В АКАДЕМИИ ХУДОЖЕСТВ
В АКАДЕМИИ ХУДОЖЕСТВ
В 1757 году в Петербурге была учреждена Академия трех знатнейших художеств. Через семь лет ее переименовали в Российскую Императорскую академию художеств.
Русские цари и царицы желали, чтобы в академию не проникали передовые идеи. Воспитанники академии, академисты, должны были копировать картины и гравюры, рисовать с гипсов и обнаженных натурщиков и ничего не знать о жизни за стенами академии. Дни академистов были так заполнены, чтобы у них не оставалось свободного времени для чтения и размышлений.
Академистов будили в пять часов утра. В шесть часов начиналась утренняя молитва. Молитва продолжалась долго и заканчивалась чтением главы из евангелия. Только после этого ученики завтракали куском хлеба с водой и в семь часов приступали к занятиям.
Классы продолжались до семи часов вечера, с небольшими перерывами на обед и отдых.
После семи часов был ужин, а в девять часов все ученики должны были уже находиться в своих спальнях.
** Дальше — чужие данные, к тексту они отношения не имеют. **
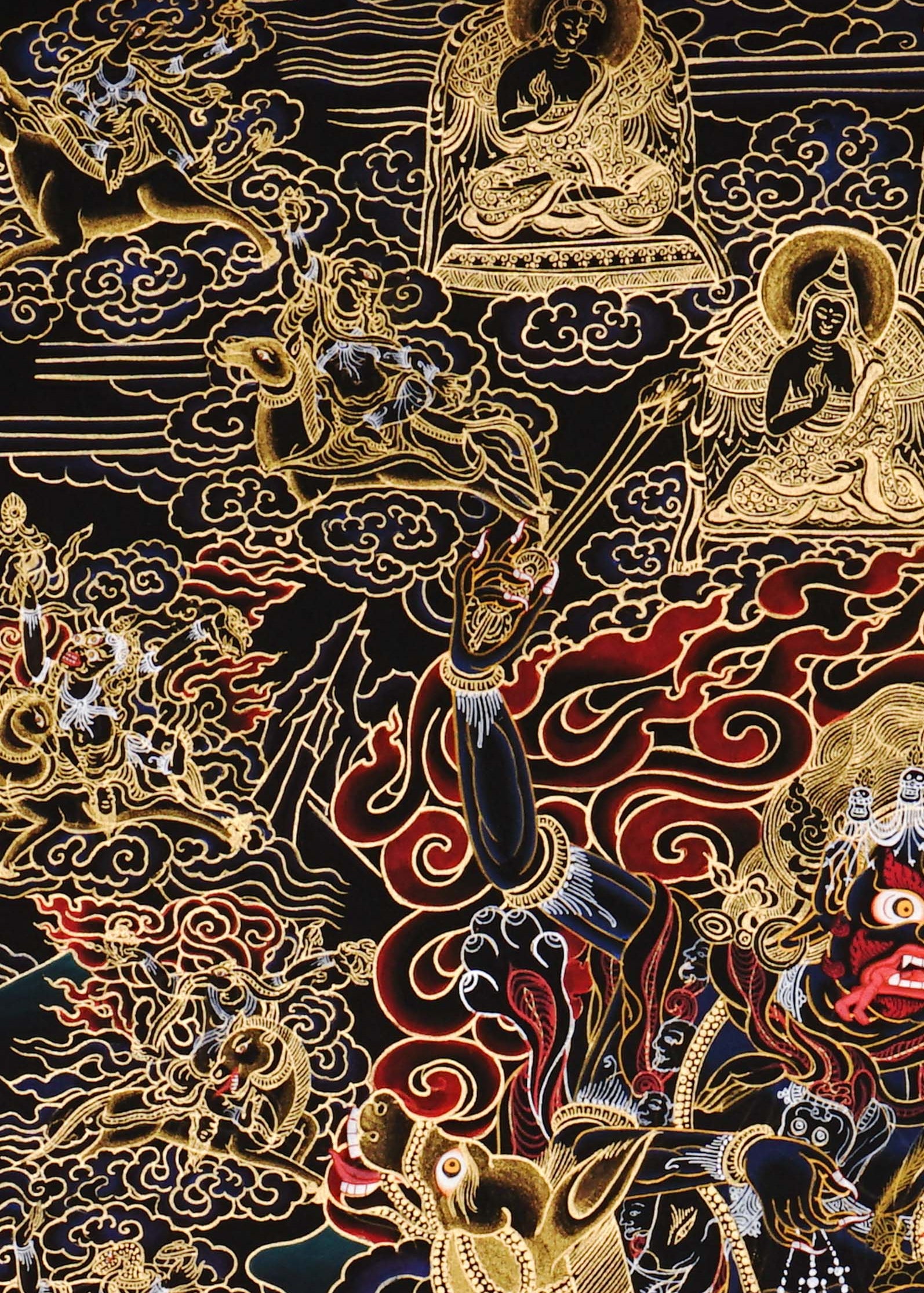Vajrayana Buddhist Palden Lhamo thangka with sacred wrathful symbolism
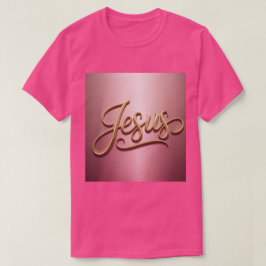 ゴールドのイエス様スクリプト ピンクのベーシックメンズTシャツ Tシャツ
Так продолжалось изо дня в день, из года в год с однообразной правильностью заведенной машины.
Обширный штат инспекторов, подинспекторов, гувернеров, смотрителей следил за тем, чтобы этот порядок никем не нарушался.
В 1829 году по приказанию императора Николая I, Академия художеств перешла из ведения министерства просвещения в ведение министерства императорского двора. Это министерство ведало конюшенной частью, охотой, духовенством, фрейлинами императрицы. Император решил присовокупить сюда и Академию художеств, поближе к своему царскому оку. Самодержец не делал различия между фрейлинами, церковниками, делами конюшенными и академическими. Николай I объявил свою волю, что отныне он лично будет осуществлять цензуру для всех академических выставок, будет сам отбирать картины, «дабы из оных исключить все то, что не достойно будет публичной выставки».
Царь лично и через министра двора князя Волконского вмешивался в академическую жизнь: он высказывал свое недовольство многим профессорам, одним делал выговоры, а других просто увольнял. Николай Павлович восхищался выписанным из-за границы прусским художником Францем Крюге за его умение писать портреты царских лошадей и ставил его в пример профессорам Российской Академии художеств.
Профессора превратились в царских чиновников. Наиболее рьяные с усердием выполняли волю монарха и учили академистов писать картины на библейские и мифологические сюжеты.
Царь был доволен такими профессорами: они заставляли молодых людей забывать о живой жизни за стенами академии, о народе, о его страданиях.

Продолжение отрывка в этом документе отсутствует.